Caption-style text data:
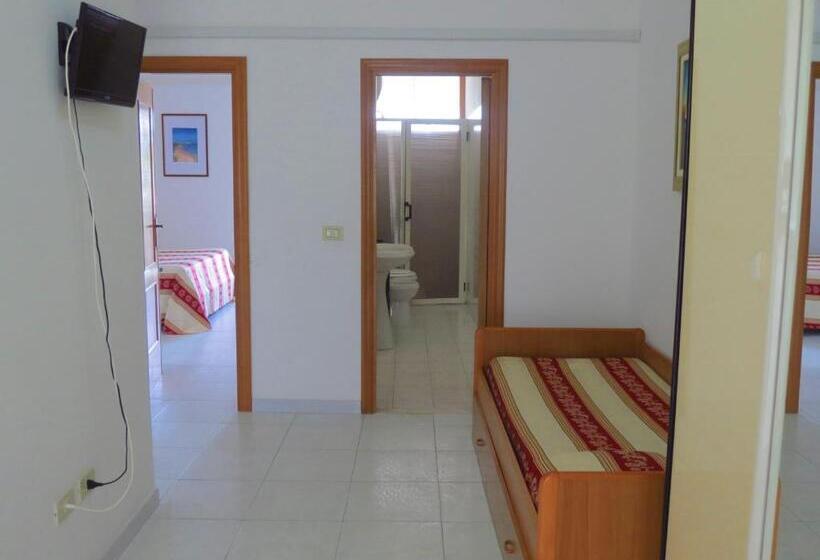 דירת שני חדרים, Residence Villa Ascoli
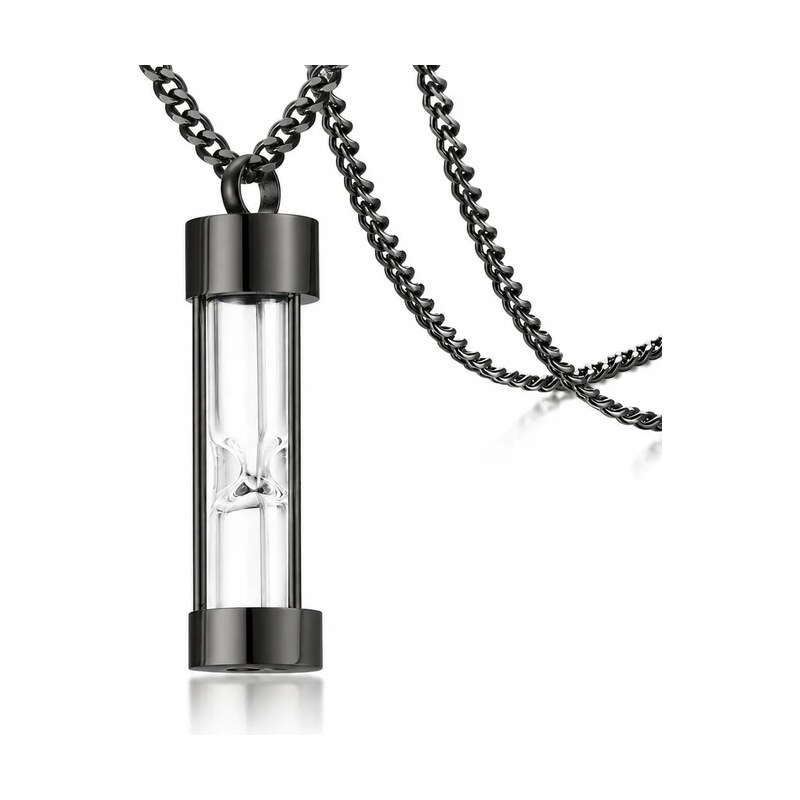 Impress Jewelry Ocelový otevírací přívěsek Přesýpací hodiny
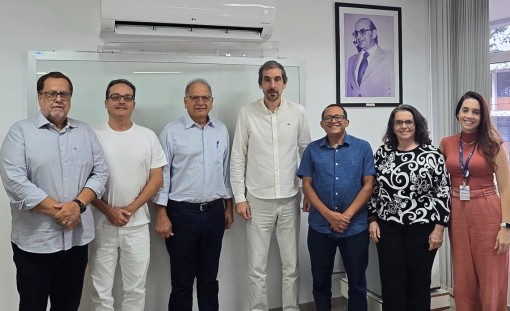 Diretoria Executiva recebe autoridades locais para discutir parcerias estratégicas nas celebrações pelos 100 anos da UFV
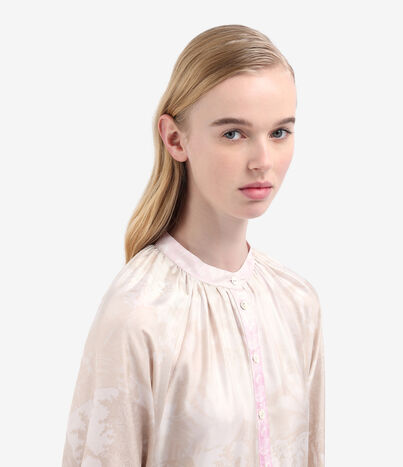 Pierre Louis Mascia ALOE Dress Silk MUSTARD ALOESAB11524SE514988101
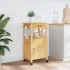 Carrito de cocina MONZA madera maciza de pino 48x40x90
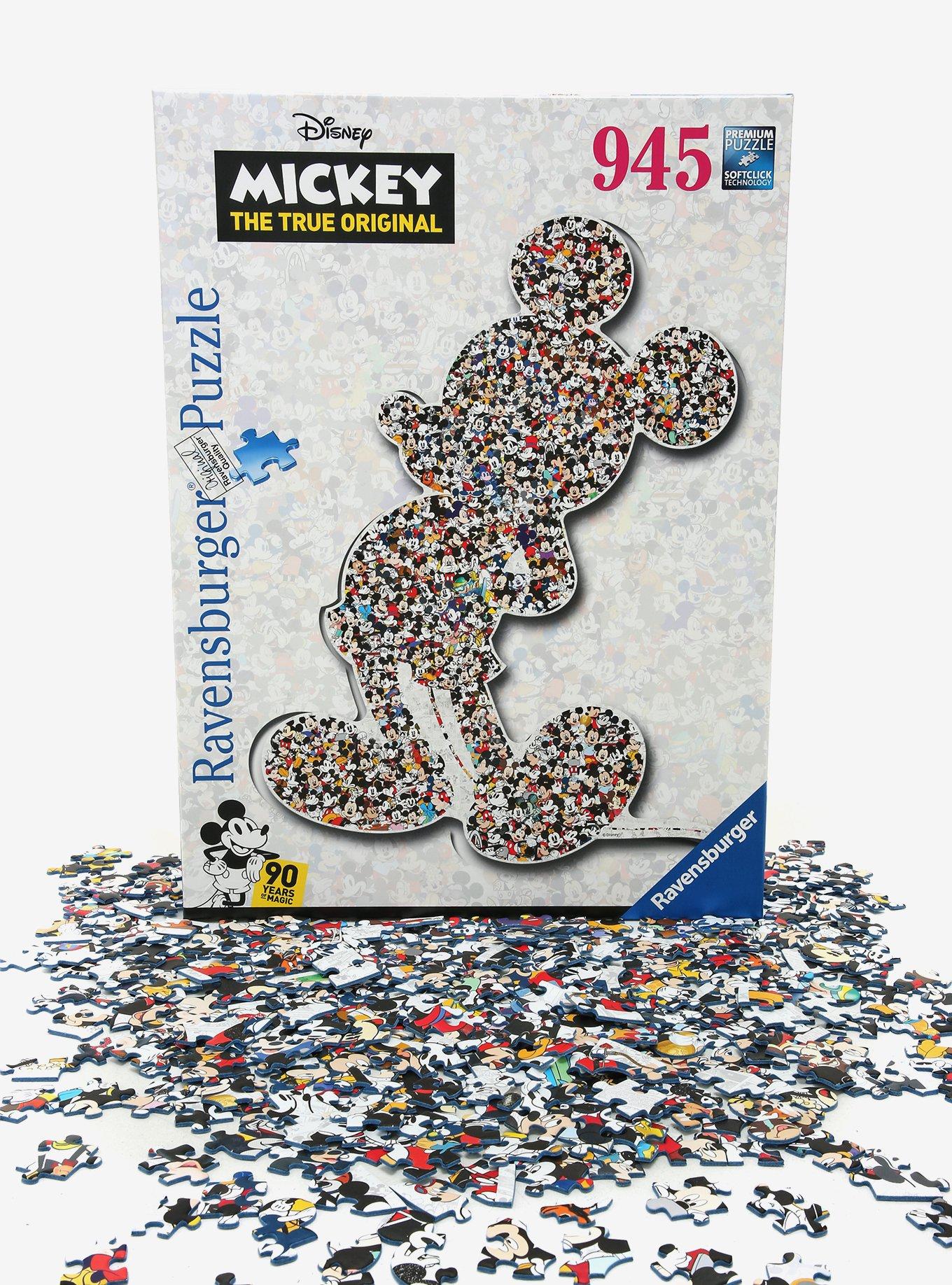 Disney Mickey Mouse Shaped 945-Piece Puzzle, , alternate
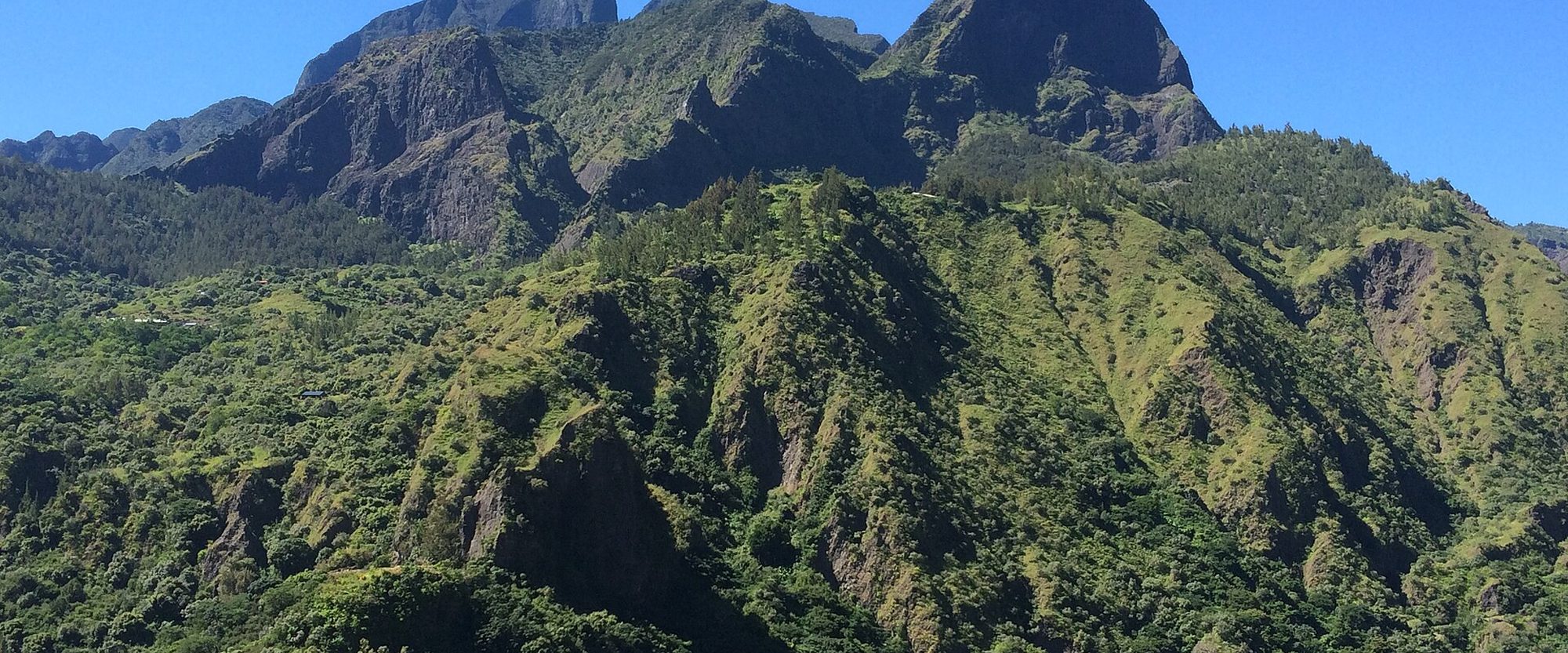 Grand Place, cirque de Mafate, La Réunion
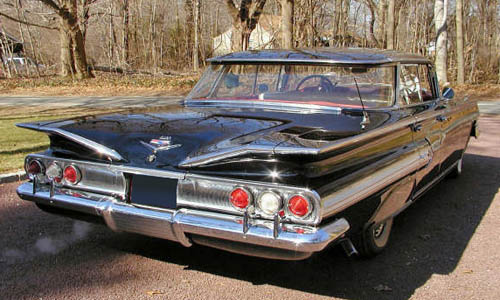 1960 Impala Sport Sedan at BarrettJackson Auction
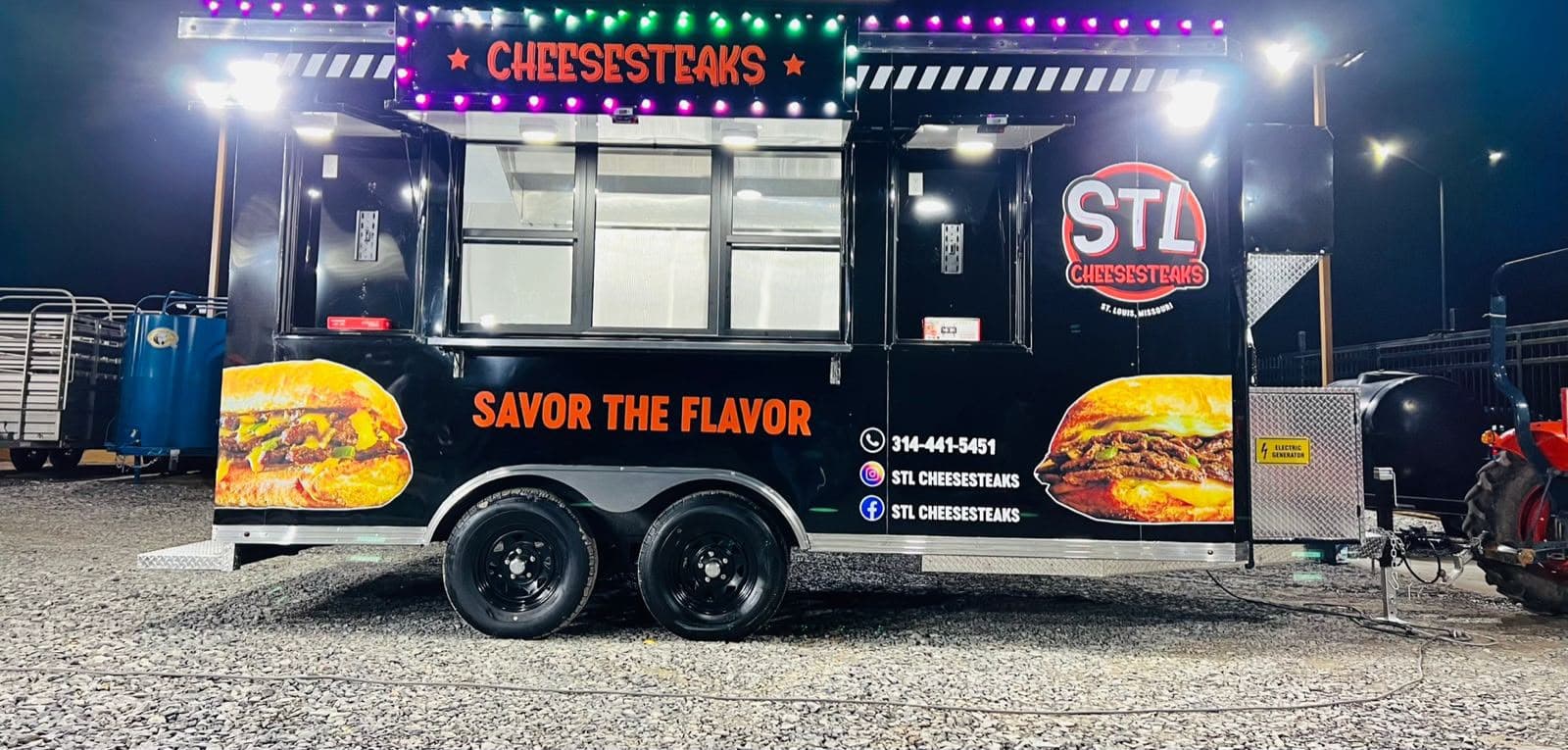Cheesesteaks proyecto real de Rubicon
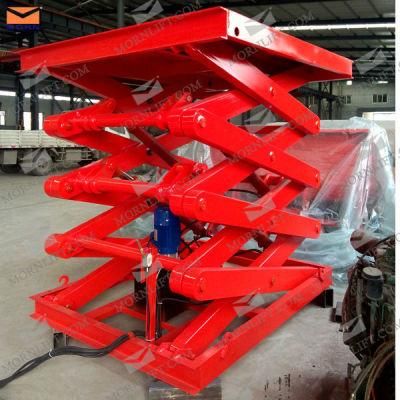 Stationary Scissor Lifting Platform with 2.5t Capacity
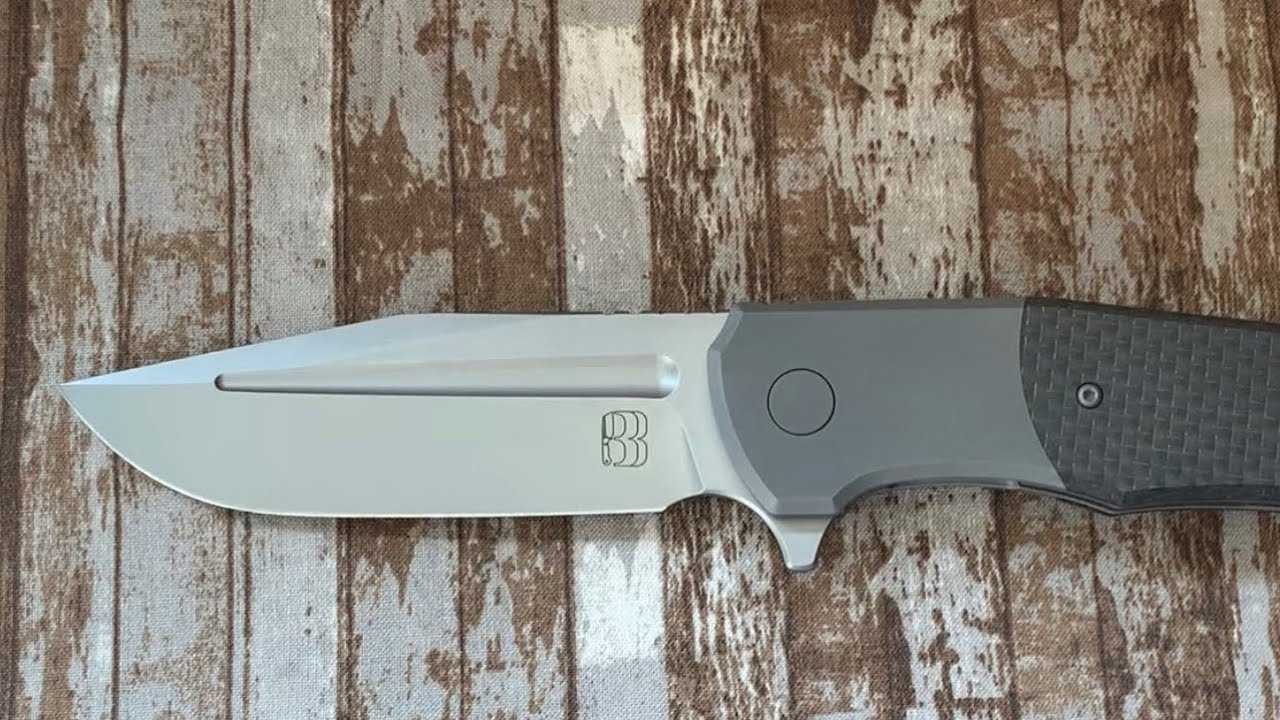 BERG BLADES “Iron Wolf” 📦Unboxing & 1st L👀k YouTube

# Exercise prompt:
Please output the lines from the line that contains "Grand Place, cirque de Mafate, La Réunion" through the end of the records, both ends included, exactly and with no pictures.

# Solution for this exercise:
 Grand Place, cirque de Mafate, La Réunion
 1960 Impala Sport Sedan at BarrettJackson Auction
Cheesesteaks proyecto real de Rubicon
 Stationary Scissor Lifting Platform with 2.5t Capacity
 BERG BLADES “Iron Wolf” 📦Unboxing & 1st L👀k YouTube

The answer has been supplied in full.